A turning point in Jobs’ life, Pixar’s initial public offering turns him into a billionaire. But things very nearly don’t turn out so well.
How Steve Jobs bought Pixar
It may be because I write for a tech site, and therefore the Steve Jobs focus is always on Apple and NeXT. But Pixar often seems underrepresented when people talk about the Apple co-founder’s life. Sometimes written off as a side investment for Jobs, Pixar was evidence of his long-term vision. It also symbolizes his post-Apple struggles as a businessman, and ultimately his astonishing turnaround and reinvention as a CEO.
It was also the start of Jobs’ entertainment industry experience, which made him the single biggest shareholder in the Walt Disney Company and laid the groundwork for relationships he would later draw on for iTunes.
Pixar was founded by Alvy Ray Smith and Ed Catmull. The animation studio emerged out of the computer graphics lab of George Lucas, director of Star Wars. When Lucas went through an expensive divorce, Jobs bought out his share of the company.
Jobs first heard about Pixar’s work through Alan Kay, the legendary Xerox PARC computer scientist who went on to work for Apple.
Jobs talked Lucas down from an initial offer of $15 million for his Pixar stock, and a guarantee of another $15 million in funding for the company. In the end, Jobs paid just $5 million and a guarantee of $5 million in funding for 70 percent of Pixar. The deal was struck on February 3, 1986, shortly after Jobs left Apple.

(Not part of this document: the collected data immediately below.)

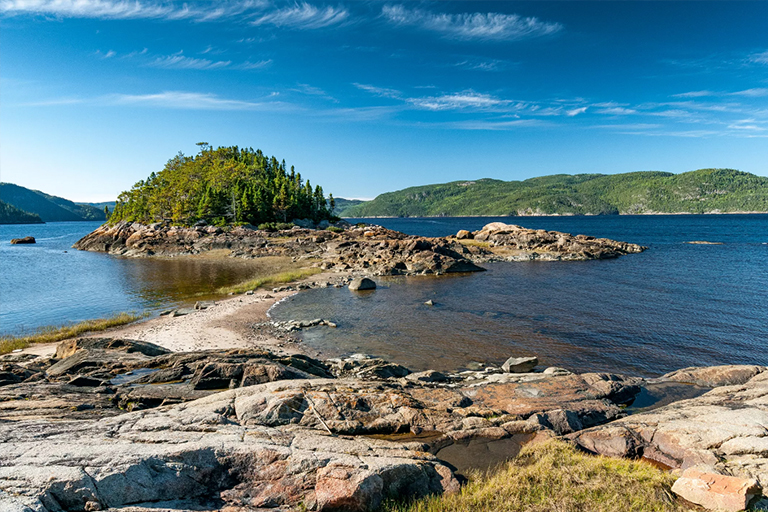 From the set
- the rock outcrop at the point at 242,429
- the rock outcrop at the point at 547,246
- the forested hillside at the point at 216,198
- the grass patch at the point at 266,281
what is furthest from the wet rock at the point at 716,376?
the forested hillside at the point at 216,198

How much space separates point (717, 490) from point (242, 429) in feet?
33.9

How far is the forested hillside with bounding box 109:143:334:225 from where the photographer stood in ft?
316

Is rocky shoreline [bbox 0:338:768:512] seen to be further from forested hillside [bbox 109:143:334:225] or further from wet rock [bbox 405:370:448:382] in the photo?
forested hillside [bbox 109:143:334:225]

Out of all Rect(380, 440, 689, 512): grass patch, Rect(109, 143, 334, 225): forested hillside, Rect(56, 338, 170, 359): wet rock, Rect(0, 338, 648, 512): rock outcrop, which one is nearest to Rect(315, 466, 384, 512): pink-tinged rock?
Rect(0, 338, 648, 512): rock outcrop

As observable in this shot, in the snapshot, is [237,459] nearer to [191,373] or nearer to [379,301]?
[191,373]

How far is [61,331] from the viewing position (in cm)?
2388

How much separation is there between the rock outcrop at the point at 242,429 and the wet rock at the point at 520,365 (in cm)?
234

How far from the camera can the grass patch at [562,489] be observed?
24.4 feet

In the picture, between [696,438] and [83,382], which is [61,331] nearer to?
[83,382]

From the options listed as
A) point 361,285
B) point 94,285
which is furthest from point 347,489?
point 94,285

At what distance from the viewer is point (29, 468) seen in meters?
6.31

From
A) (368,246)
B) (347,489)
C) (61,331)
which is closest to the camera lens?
(347,489)

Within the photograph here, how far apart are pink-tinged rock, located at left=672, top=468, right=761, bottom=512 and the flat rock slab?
1430mm

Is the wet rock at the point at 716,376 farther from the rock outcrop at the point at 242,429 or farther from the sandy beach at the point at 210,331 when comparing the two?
the sandy beach at the point at 210,331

Although Jobs got a good deal, it was a risk at the time: Pixar needed money to run and Moore’s law meant the company was still a decade away from being able to generate a fully computer-animated movie, which was the dream of Smith and Catmull.
Pixar: Movie studio or computer company?
Coming from a sales background, Jobs thought Pixar could pay its way as a hardware and software company for creatives — basically the same pitch he used at Apple.
Pixar had two main products for sale. These were RenderMan, a 3-D graphics rendering program that still exists today, and the Pixar Image Computer, which was a high-end supercomputer. The Pixar Image Computer proved to be a sales disaster. Throughout its life, the computer sold fewer than 300 units.
The problem was an insanely high sales price. The machine cost $135,000 to buy, but also needed a $35,000 workstation from Sun Microsystems or Silicon Graphics to run. A second-generation version sold for “just” $30,000, which still put it far out of reach of any regular customer.
Hemorrhaging money, the only thing that kept Pixar alive during the late 1980s and very early ’90s was Jobs’ pride. He didn’t want to be seen as a one-hit wonder who founded Apple, then flamed out with NeXT and Pixar.
Fortunately, the company struck a deal with Disney, and Pixar began work on its first feature-length movie, Toy Story. Sensing a big hit, Jobs filed to take Pixar public. The paperwork was filed 22 years ago today, and the IPO itself took place November 29, 1995.
The IPO made Jobs a billionaire at age 40 and set the stage for his astonishing comeback.